Desorption kinetics and mobility of some radionuclides in sediments.

The desorption kinetics of five radionuclides, 85Sr, 137Cs, 60Co, 54Mn, and 65Zn, were studied for several coastal sediments, a few limnetic sediments, and one subsoil, using various aqueous solutions for extraction in batch systems. In a 2-wk desorption experiment, greater than 90% of most radionuclides sorbed were extracted by 6N-HCl, whereas in 1N-HCl approximately 30% of the 137Cs was retained within the sediments and a soil due to its fixation following intraparticle diffusion. For longer desorption periods (6 wk), reversible sorption with sediments could be seen for the 137Cs compared with the other four radionuclides in seawater. The EDTA-2Na solution extracted greater than 70% of 65Zn, 54Mn, and 60Co, and the ammonium oxalate extracted greater than 60% of 54Mn and 60Co. Readily exchangeable cations extracted by ammonium acetate were greater than 80% for 85Sr, approximately 50% for 137Cs, and 40% for 60Co and 54Mn. Many of the distribution coefficients for these radionuclides in coastal sediments obtained by desorption experiments were one order of magnitude or more larger than those obtained by the adsorption experiments. For 85Sr, larger-than-expected distribution coefficients were obtained in the desorption experiments, an indication of the irreversible formation of metal-oxyhydroxides during a slow reaction.

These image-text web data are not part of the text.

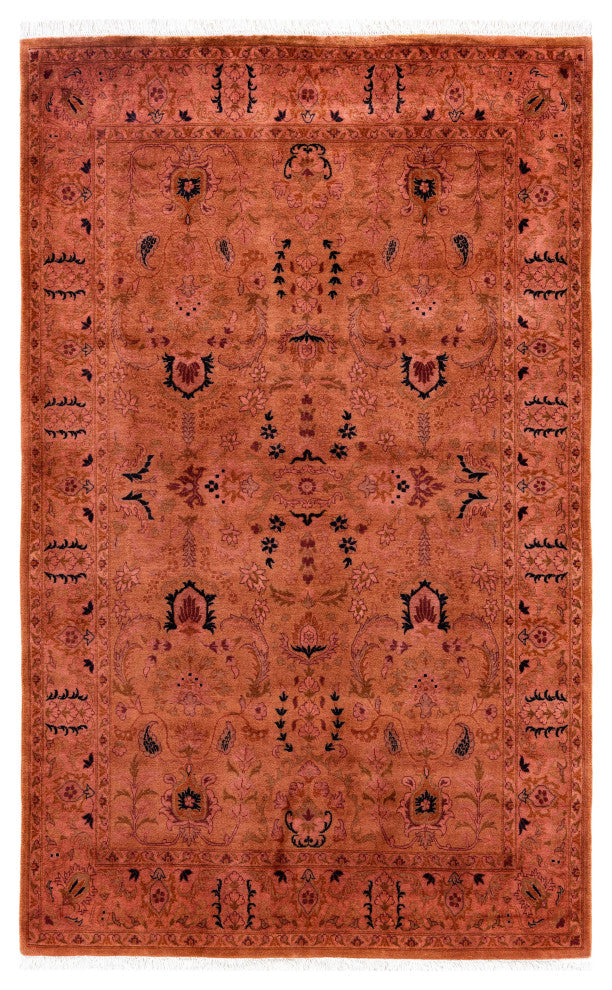 Overdyed One-of-a-Kind Hand-Knotted Area Rug Brown, 4' 2" x 6' 5"
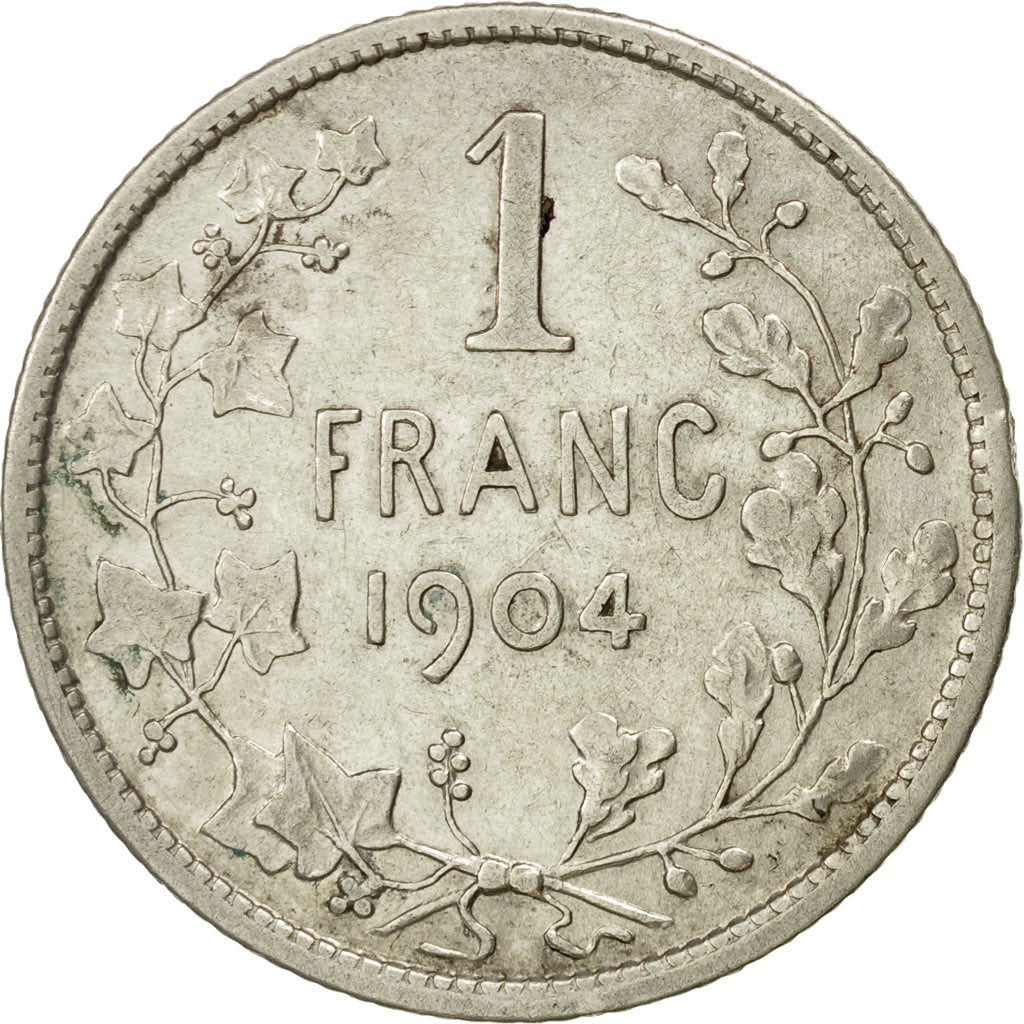 Moneda, Bélgica, Franc, 1904, MBC, Plata, KM:56.1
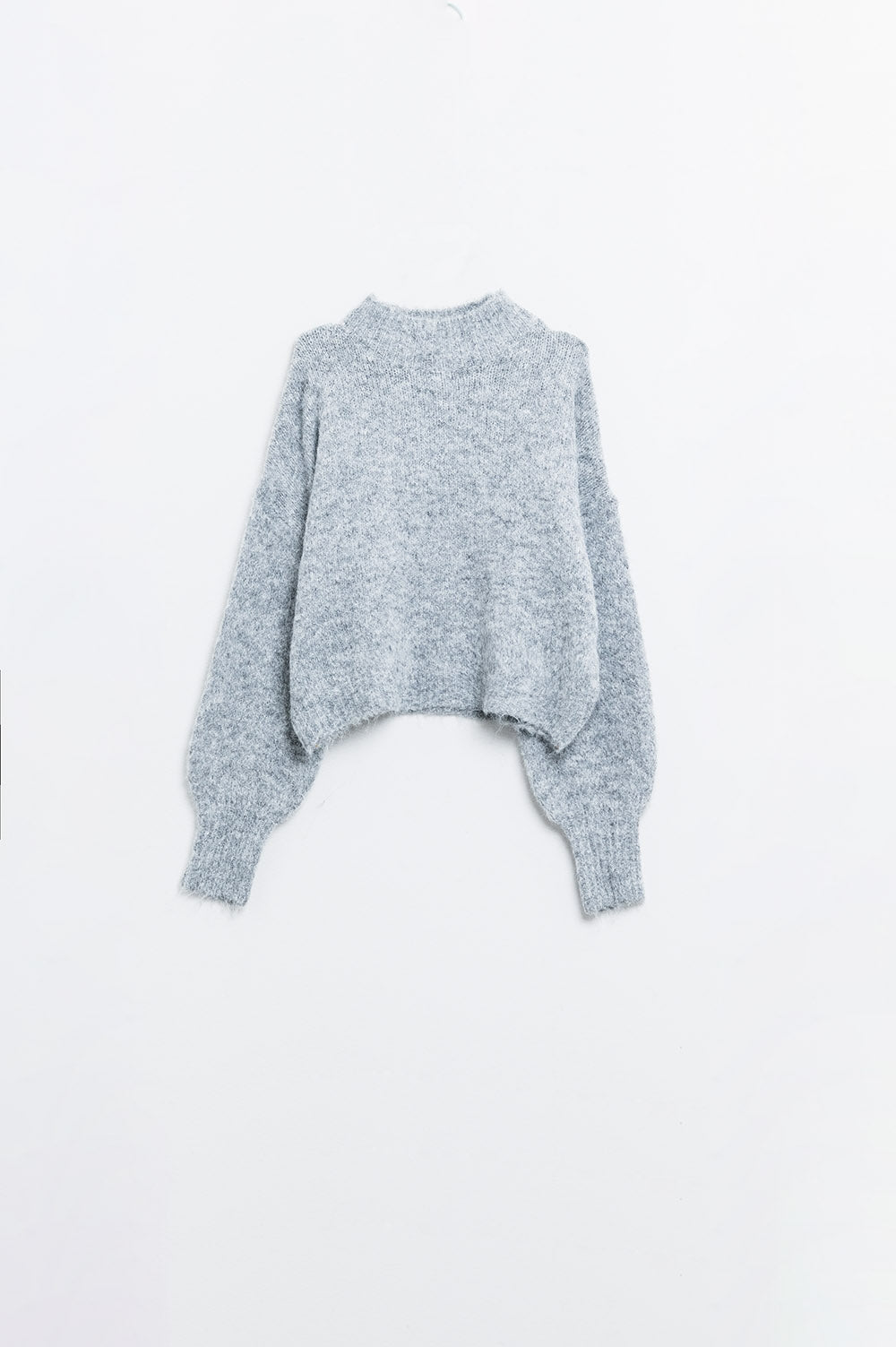 Grey High-Neck Fluffy Sweater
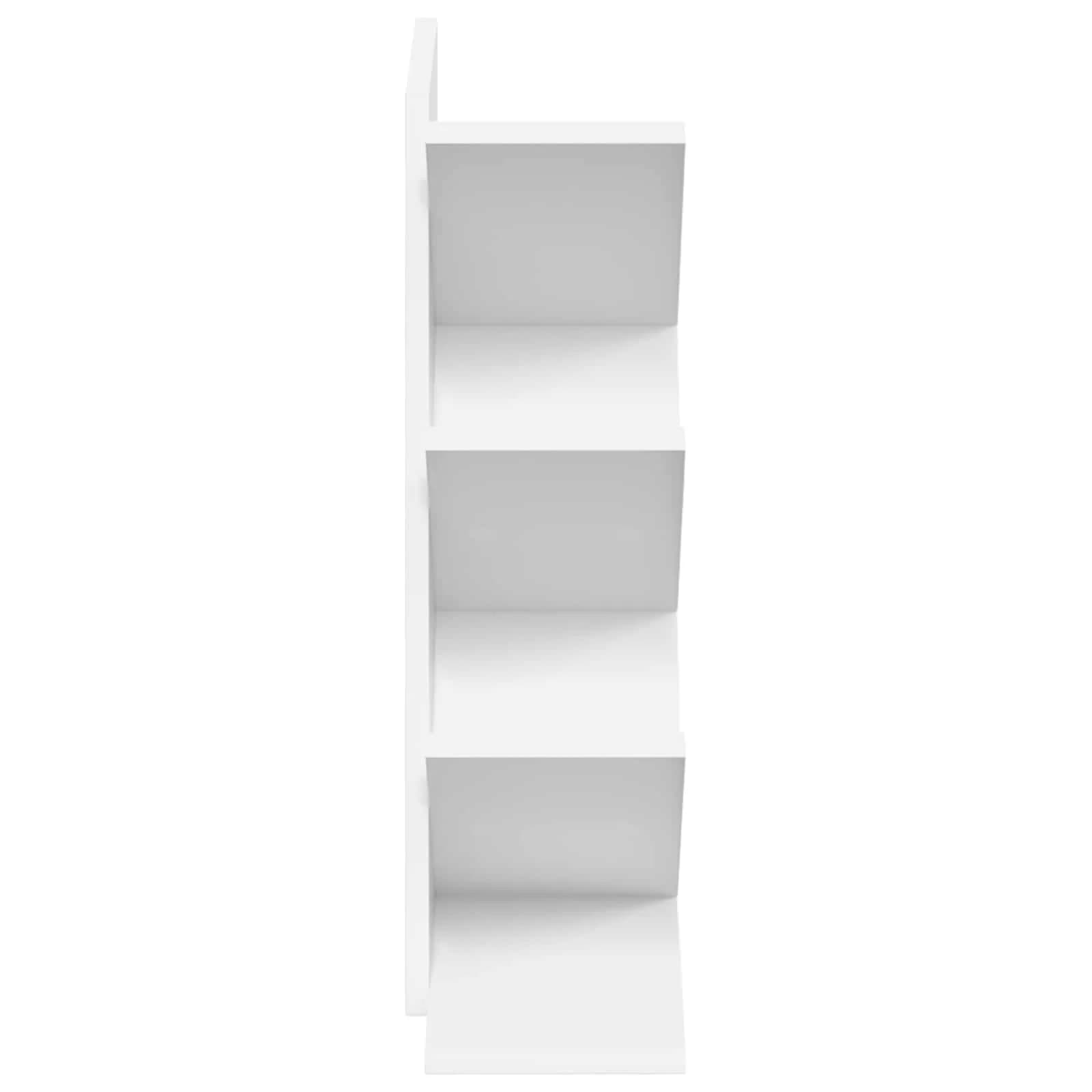 Lesena polica za knjige 4-tierska 30 x 18 x 60 cm Bela - slika 5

Using batch and column diffusion experiments, it was recognized that 60Co and 54Mn are less strongly associated with coastal sediments under suboxic conditions, and their migration rates are greater in deeper layers of sediment than in the top layer, an indication that a single Kd model is inappropriate to forecast the behavior of radionuclides near sediment surface layers.